Yvonne Wheeler is the North Wasco County School District 21’s transition program specialist.

Seeing Garcia Flores accept her award at the recent ceremony was “awesome,” Wheeler said. “The awards ceremony was beautiful. She received a standing ovation. I think she was truly in shock, it was truly a Cinderella moment for her.”

She said, “She did have a speech, but in the video [of the ceremony] she is just overcome with tears and emotion of what’s happening.”

Wheeler whispered to her to say thank you, and that’s what she did.

Wheeler works with 12 to 13 youth per year, finding what interests them and guiding them in that direction.

She met Garcia Flores in 2015 after a special ed teacher had mentioned the young woman, now 21, was highly motivated to find work.

“I immediately saw a drive within this young lady and I knew I wanted to work with her and that started our journey together,” Wheeler said. “She decided to map out her own life and she decided to take full advantage of everything the program had to offer, like going to camp, working with a transition specialist.”

Garcia Flores had expressed an interest in child care, so they brainstormed ideas.“She has some previous childcare experience and we built on that.” She reached out to the local Head Start program, and program director Rhonda Hull offered her an unpaid internship, which turned into a paid job.

She is an on-call substitute teacher’s aide. “She walks to work, she’s always on time, very dependable.”

Wheeler forwarded some questions from a reporter to Flores Garcia, who said of learning she had a job at Head Start, “It was great! I was really happy.”

She said Wheeler helped her through the transition program by getting her ready for interviews and providing transportation.

At Head Start the little kids “love her and so do her co-workers,” Wheeler said. When Hull was told of Garcia Flores’s award, Hull wrote to Wheeler that “Manuela is excellent with the children and has been able to help tremendously at Head Start.”

Garcia Flores is also bilingual, Wheeler said. “Very smart young lady, you have to get to know her to see it shines through.

“She has blown us away, she really has. She’s so humble at the same time.”

“She went out on her own and applied for a second job at Grocery Outlet and at a quick interview process she was given a spot on their team,” Wheeler said.

Garcia Flores said of her two jobs, “At Head Start, I really enjoy having fun with the kids and helping them learn new things. At Grocery Outlet, I often see people I know and I’m able to smile and say hello.”

Garcia Flores’s wages are not government-subsidized, Wheeler said. She’s “working for equal pay, working amongst people who are disabled, non-disabled. She’s just like everyone else.”

Wheeler said, “Every internship, job shadow and job placement is chosen specifically with the students’ strengths and interests in mind.

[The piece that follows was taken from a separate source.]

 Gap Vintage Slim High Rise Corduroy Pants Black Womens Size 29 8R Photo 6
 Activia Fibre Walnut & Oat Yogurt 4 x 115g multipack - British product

“An integral part of the Youth Transition Program is community partnerships. The program is incredibly successful, thanks to such strong support from the community. I’m thrilled to say that I’ve placed many YTP participants with businesses throughout The Dalles.”

She added, “We have so many wonderful stories of kids excelling with the support they need.”

She said the transition program exists first to help students with disabilities gain employment or continue their education after high school. The second function is “just to create systems of change, to increase capacity, to create awareness within the community and to again make sure that services are being reached and youth are getting access to the services that they need in the community.”

She said students in the program commonly have learning disabilities, which can lead to confidence issues. “So a [job] interview is terrifying so I come along and prepare them for that. They’ve done the groundwork, they’ve prepared themselves for it, they are no longer nervous or insecure because they’ve done it so many times in our office.”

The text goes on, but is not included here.